The initiative was principally a reaction to the alarming increase in crime that took place in the 1970s and ‘80s. Throughout these two decades, the Legislature had steadfastly refused to pass effective anti-crime legislation. The final straw for the public were the murders of Kimber Reynolds in Fresno and 10-year-old Polly Klaas in Petaluma. Both killers would have still been in prison had three strikes been in place.

Liberals have one main point of contention with the way the law works: the fact that first and second strikes must be serious or violent felonies but a third strike may be assigned for any felony.
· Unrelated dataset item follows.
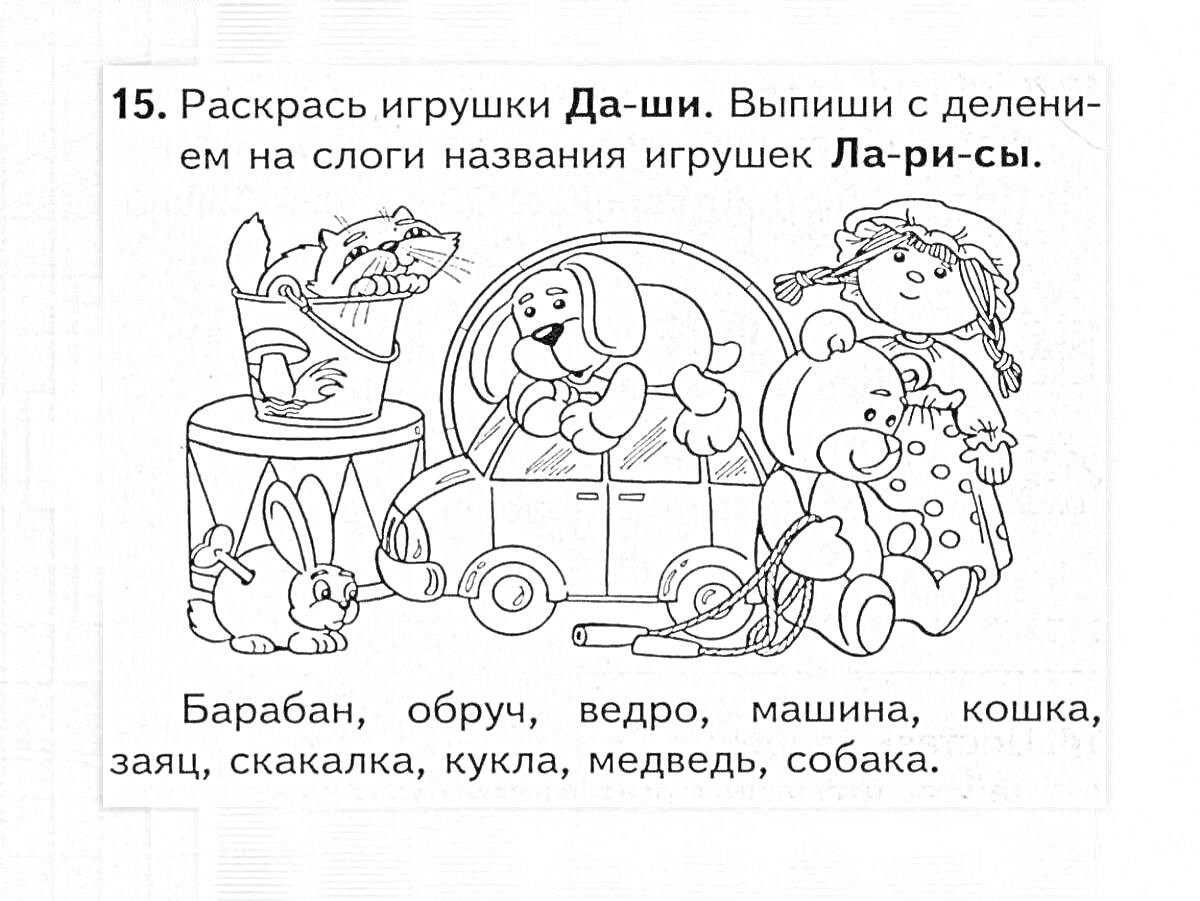 На раскраске изображено: Игрушки, Барабан, Обруч, Заяц, Скакалка, Кукла, Медведь, Собака, Деление на слоги, 1 класс, Русский язык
Proposition 66 would mandate that third strikes be serious or violent felonies, while reducing the number of crimes that qualify as serious or violent. Most notably, residential burglary would no longer be a “strikeable” offense and the definition of what constitutes great bodily injury (and hence a serious or violent felony) would be weakened.

Three-strikes opponents argue that it is “cruel and unusual punishment” to impose 25-year-to-life sentences for stealing a bottle of vitamins or a slice of pizza or for merely purloining videotapes. They also argue that the law was sold to the public as a way to get the worst criminals off the streets, but because the third strike is most often nonviolent and nonserious, it isn’t measuring up.
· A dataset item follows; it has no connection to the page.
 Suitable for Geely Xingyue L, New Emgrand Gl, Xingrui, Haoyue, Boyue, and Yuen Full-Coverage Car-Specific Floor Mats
What is conveniently ignored, however, is that the third felony, even in the case of stolen vitamins or videotapes, follows at least two serious or violent felonies. It is difficult to see the injustice of such sentences for career criminals who have been given multiple chances to reform but are either unwilling or unable to recognize their obligations to society and the rights of fellow citizens.

It’s also important to note that no third-strike sentence is mandatory. Both prosecutors and judges have discretion in dealing with offenders. That can mean a reduction in the number of strikes or a switch in the charges, from felony to misdemeanor, for the sake of justice. As to the idea that allowing long sentences for a nonviolent or nonserious felony violates the Constitution’s ban on “cruel and unusual punishment,” the U.S. Supreme Court held in 2003 that states had considerable discretion in determining punishment for recidivist criminals and that California’s three-strikes statute met constitutional muster.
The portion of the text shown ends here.